Les forces de l’ordre, en nombre dans le secteur depuis l’action écologiste, filtrent les passants qui veulent traverser la rue. « Cela nous embête… pour le dire de façon édulcorée », confie une habitante du quartier, assurant qu’elle se fait parfois « fouiller son sac à main » par les agents avant de rentrer dans son studio. « Il y a beaucoup de membres des ministères ici… Donc c’est à la tête du passant », affirme une riveraine, ajoutant toutefois que certains policiers se révèlent « plus compréhensifs » que d’autres. « Je ne vous dirai rien sur le sujet. Mais bon… », glisse d’ailleurs l’un d’entre eux, lors de notre passage.

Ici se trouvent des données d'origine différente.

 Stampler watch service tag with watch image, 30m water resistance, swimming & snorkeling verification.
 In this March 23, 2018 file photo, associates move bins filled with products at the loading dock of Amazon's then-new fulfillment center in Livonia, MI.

Les commerçants de la rue, déjà touchés par la hausse du coût de l’énergie, sont aussi affectés par la situation, à des niveaux divers. « Je ne le ressens pas tant que cela au niveau de la clientèle, mais esthétiquement, leurs barrières grises sont moches… Et ils me les mettent souvent sur la terrasse », regrette par exemple la gérante du restaurant Le Petit Varenne, situé juste après l’un des barrages. Mais pour les boutiques établies dans la partie centrale de la rue, les conséquences sont plus graves.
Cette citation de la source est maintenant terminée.